- DATA:
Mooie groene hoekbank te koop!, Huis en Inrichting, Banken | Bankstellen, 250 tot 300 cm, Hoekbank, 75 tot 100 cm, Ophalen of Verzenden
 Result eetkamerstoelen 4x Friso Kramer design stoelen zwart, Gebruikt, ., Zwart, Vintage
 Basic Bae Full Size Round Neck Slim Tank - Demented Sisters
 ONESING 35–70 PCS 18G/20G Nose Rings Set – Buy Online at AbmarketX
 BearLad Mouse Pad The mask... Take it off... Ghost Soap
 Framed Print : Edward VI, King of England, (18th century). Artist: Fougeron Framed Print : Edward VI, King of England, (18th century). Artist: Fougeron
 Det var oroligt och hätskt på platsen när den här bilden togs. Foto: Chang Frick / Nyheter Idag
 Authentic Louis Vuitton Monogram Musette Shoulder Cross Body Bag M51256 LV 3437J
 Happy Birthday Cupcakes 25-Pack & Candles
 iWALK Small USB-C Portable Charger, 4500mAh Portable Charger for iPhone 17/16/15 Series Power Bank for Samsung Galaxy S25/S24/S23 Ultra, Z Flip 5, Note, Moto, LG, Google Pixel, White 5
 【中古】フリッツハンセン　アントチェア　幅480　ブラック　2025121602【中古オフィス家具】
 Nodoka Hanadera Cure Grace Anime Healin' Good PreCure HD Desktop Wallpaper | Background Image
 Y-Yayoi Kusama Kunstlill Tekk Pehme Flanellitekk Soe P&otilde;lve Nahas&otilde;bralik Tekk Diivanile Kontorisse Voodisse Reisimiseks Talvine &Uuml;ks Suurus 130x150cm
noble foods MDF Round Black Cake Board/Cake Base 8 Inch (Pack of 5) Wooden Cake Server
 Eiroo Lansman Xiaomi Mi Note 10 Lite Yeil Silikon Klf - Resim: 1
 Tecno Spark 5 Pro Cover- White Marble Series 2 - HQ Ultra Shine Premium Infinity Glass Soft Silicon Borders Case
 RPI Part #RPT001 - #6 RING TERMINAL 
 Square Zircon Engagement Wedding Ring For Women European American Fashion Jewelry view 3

- TASK STATEMENT: For the string "Series", show each line of the listing where it appears.

- SOLUTION TO THE EXERCISE:
 iWALK Small USB-C Portable Charger, 4500mAh Portable Charger for iPhone 17/16/15 Series Power Bank for Samsung Galaxy S25/S24/S23 Ultra, Z Flip 5, Note, Moto, LG, Google Pixel, White 5
 Tecno Spark 5 Pro Cover- White Marble Series 2 - HQ Ultra Shine Premium Infinity Glass Soft Silicon Borders Case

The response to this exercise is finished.